Iker Ausejo-Mauleon  1 , Sara Labiano  1 , Daniel de la Nava  1 , Virginia Laspidea  1 , Marta Zalacain  1 , Lucía Marrodán  1 , Marc García-Moure  1 , Marisol González-Huarriz  1 , Irati Hervás-Corpión  1 , Laasya Dhandapani  1 , Silvestre Vicent  2 , Maria Collantes  3 , Iván Peñuelas  4 , Oren J Becher  5 , Mariella G Filbin  6 , Li Jiang  6 , Jenna Labelle  6 , Carlos A O de Biagi-Junior  6 , Javad Nazarian  7 , Sandra Laternser  8 , Timothy N Phoenix  9 , Jasper van der Lugt  10 , Mariette Kranendonk  10 , Raoull Hoodendijk  10 , Sabine Mueller  11 , Carlos De Andrea  12 , Ana C Anderson  13 , Elizabeth Guruceaga  14 , Carl Koschmann  15 , Viveka Nand Yadak  16 , Jaime Gállego Pérez-Larraya  17 , Ana Patiño-García  1 , Fernando Pastor  18 , Marta M Alonso  19


Abstract

Diffuse intrinsic pontine glioma (DIPG) is an aggressive brain stem tumor and the leading cause of pediatric cancer-related death. To date, these tumors remain incurable, underscoring the need for efficacious therapies.

In this study, we demonstrate that the immune checkpoint TIM-3 (HAVCR2) is highly expressed in both tumor cells and microenvironmental cells, mainly microglia and macrophages, in DIPG. We show that inhibition of TIM-3 in syngeneic models of DIPG prolongs survival and produces long-term survivors free of disease that harbor immune memory.

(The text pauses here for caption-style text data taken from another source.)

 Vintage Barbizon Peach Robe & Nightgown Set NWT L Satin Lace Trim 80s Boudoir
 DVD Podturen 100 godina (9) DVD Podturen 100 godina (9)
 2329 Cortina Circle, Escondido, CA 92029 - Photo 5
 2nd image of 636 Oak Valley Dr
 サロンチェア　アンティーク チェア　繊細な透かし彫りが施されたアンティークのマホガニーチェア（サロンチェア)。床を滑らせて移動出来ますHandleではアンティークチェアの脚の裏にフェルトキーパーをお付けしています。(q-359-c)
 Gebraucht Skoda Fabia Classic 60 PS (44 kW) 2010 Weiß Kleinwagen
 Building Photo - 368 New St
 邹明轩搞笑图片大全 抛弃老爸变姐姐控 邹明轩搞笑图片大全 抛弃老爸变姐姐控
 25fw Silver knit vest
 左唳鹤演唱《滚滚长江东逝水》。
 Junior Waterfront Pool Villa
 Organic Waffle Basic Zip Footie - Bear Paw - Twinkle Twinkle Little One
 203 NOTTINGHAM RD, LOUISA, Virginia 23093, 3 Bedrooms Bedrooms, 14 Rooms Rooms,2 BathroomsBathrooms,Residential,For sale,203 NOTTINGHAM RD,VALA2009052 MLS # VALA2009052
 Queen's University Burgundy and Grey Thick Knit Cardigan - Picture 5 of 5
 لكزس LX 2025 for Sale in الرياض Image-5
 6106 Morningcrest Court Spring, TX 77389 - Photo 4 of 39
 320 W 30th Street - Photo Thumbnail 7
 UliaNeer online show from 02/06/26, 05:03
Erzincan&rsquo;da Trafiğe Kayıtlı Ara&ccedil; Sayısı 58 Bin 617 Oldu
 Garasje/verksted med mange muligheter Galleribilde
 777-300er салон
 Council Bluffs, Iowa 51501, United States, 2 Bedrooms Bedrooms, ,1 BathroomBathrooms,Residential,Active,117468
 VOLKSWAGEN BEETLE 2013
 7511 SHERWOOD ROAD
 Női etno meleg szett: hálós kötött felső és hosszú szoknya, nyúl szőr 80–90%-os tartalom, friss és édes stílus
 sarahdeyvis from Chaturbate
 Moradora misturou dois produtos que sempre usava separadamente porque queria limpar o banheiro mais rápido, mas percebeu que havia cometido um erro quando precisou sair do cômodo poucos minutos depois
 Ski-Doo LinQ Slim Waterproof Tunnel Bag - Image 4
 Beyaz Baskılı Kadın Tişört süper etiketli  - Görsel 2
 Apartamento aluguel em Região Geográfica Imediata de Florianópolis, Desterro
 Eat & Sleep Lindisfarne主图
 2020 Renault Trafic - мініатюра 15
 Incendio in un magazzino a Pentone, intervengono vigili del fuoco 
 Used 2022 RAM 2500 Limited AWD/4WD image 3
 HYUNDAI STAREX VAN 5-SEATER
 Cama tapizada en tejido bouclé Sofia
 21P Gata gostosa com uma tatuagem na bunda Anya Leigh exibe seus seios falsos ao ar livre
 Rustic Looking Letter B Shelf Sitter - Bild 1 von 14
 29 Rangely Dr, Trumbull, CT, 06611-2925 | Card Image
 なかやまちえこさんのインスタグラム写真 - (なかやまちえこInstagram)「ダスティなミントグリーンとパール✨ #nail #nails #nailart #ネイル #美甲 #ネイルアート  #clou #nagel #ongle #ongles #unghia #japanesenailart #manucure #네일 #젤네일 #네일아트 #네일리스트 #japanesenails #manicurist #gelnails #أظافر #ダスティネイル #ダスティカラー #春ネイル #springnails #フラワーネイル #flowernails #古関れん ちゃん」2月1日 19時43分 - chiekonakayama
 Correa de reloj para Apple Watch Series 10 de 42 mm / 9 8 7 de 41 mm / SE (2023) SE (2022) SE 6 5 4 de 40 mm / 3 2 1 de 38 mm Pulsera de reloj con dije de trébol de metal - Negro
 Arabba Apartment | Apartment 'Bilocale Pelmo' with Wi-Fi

This antitumor effect is driven by the direct effect of TIM-3 inhibition in tumor cells, the coordinated action of several immune cell populations, and the secretion of chemokines/cytokines that create a proinflammatory tumor microenvironment favoring a potent antitumor immune response.

This work uncovers TIM-3 as a bona fide target in DIPG and supports its clinical translation.

CITA DEL ARTÍCULO Cancer Cell 2023 Nov 13;41(11):1911-1926.e8. doi: 10.1016/j.ccell.2023.09.001. Epub 2023 Oct 5.